Los que ven más que los demás aseguran que las aguas de
la Patagonia guardan extraños secretos y criaturas fantásticas... ¿Acaso no lo
prueba la legendaria Sirena, Petín, hija del Sol y la Luna y esposa del legendario
héroe-dios de los tehuelches, que vive en el fondo del océano austral y levanta
las mareas cuando ve en el cielo la luz fría de su madre Luna?... ¿No se agita
en el seno marino del Atlántico el innombrable hijo de Elal?. Es más: ¿no dicen
que en los lagos insolables que custodian los Andes habitan el Lafquen trilque
(cuero del lago), el cuero malignoque, con su tranquila apariencia de cuero de
novillo o de potro flotante al sol, atrae a inocentes víctimas para adherirse a
ellas con las agudas uñas ocultas y llevarlas a los más hondo?. ¡Claro que
también puede aparecerse "el cuero uñudo"en ríos y arrollos!. Lo que
no debe olvidarse es el modo de combatirlo: los muy viejos, que se han vuelto
astutos por la experiencia, aconsejan arrojarle una rama espinosa, porque el
monstruo al sentir el contacto cree que podrá devorarla.. y así se arrolla en
ella y muere por la sangre de sus múltiples heridas...
¿Y el caleuche?. Unos cuantos han visto el barco
fantasma, el que anda abajo del agua del lago Mascardi, y que de pronto se
aparece todo iluminado para disolverse en la oscuridad momentos después. El que
lo ve es porque el caleuche encantado quiere llevárselo... vaya a saber para
qué, pero seguro es que le toma el espíritu y deshecha el cuerpo... porque este
despues flota abandonado a merced de la corriente...
¿De dónde brota tanta imaginería mítica sino de la
importancia del agua? Desde los más remotos orígenes ella ha sido fuente y
preservadora de la vida... Por eso las culturas aborígenes han trazado sus
asentamientos y derroteros en torno al camino del agua... Sin pozos, sin
arroyos, sin ríos, ¿como sobrevivirían en los desiertos barridos por
Elëngasen?.
Y los indios honran a los "dueños"de las aguas,
los mágicos Nguen Co, como el enano silbador que oye el creyente en el río
Aluminé, o el Arün Co, el intocable sagrado de las vertientes que cuida que no
se sequen...
Si el mismo campo se esponja y cubre de flores cuando cae
Maún (la lluvia) y le da de beber, ¿puede al mapuche dejar de ofrendar su
agradecimiento y su ruego a Nguenemapún en los menu co u ojos de agua que
calcan el cielo?.
Una y otra vez huenu co bautiza y alimenta a las tierras
del sur y sus criaturas, y convertida en vapor de las cascadas también cura: es
el melicón lahuén del chamán, el agua bendita sanadora...
Claro que hubo un tiempo en que el agua fué castigo
divino. Las más remotas tradiciones del planeta hablan del diluvio... Sólo se
salvaron los protegidos por el Gran Futachao... Cuentan los tehuelches que los refugiados
en las cuevas de las cumbres, rodeados por la oscuridad y el agua de arriba y
de abajo y marcados por el hambre y el frío, pidieron luz al Padre divino para
buscar alimento y ramas para el fuego... Y entonces El ordenó a Kéenguenkon (la
Luna) que subiera con su luz al cielo para alumbrar a los hombres... Pero en el
largo trayecto su fuego sagrado se fué enfriando por la lluvia interminable...

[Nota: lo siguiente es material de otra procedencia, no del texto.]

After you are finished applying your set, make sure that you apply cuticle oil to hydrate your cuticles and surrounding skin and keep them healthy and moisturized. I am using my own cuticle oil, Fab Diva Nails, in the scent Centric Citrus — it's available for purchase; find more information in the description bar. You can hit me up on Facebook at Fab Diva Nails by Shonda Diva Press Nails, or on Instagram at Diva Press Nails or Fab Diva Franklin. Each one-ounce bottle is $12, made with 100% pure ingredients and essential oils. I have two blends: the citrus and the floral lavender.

y desde entonces hay luz de luna en la noche, pero es luz fría, como
Kéenguenkon quedó desde el diluvio...
Nunca las leyendas de los pueblos viejos de la Patagonia
olvidan la preciosa y necesaria presencia del agua, por eso la historian
magicamente el origen de vertientes, arroyos, lagos, ríos... La memoria oral ha
legado decenas de leyendas sobre el agua a la memoria del papel... pero otras
se borrarán cuando se apaguen las voces temblorosas de sus narradores
aborígenes... ¿Alcanzarán a rescatarlas los antropólogos y estudiosos de los
mitos y tradiciones? Tal vez...
Pero entre tanto la lectura o la voz mantienen vivas las
antiquísimas historias de Navé, la indiecita que se transformó en espuma de la
Uñen Lafquen o la laguna de los pájaros allá en la Araucanía, o de cüyen (la
Luna mapuche), que lloró incontables lágrimas de dolor cuando descubrió que
Antü (el sol) ya no la amaba... y cuyo llanto formó el bello y nostálgico lago
Aluminé en el Neuquén de los mapuches...
¿Pueden acaso las tribus pehuenches dejar morir la
leyenda de Limay y Neuquén los jóvenes amigos que se volieron rivales anemigos
por el amor de la bella Raihué y que, convertidos en ríos, uno al Norte y el
otro al Sur, corrienro una peligrosa carrera hasta el mar... para obtener la
caracola de los murmullos marinos que les aseguraría la mano de la amada?
Cuentan que Rahué dió su vida para que ellos no murieran, y que el Limay y el
Neuquén se abrazaron en su desconsuelo y juntos formaron el Río Negro, y así
unidos llegaron al mar como homenaje de amor y de amistad...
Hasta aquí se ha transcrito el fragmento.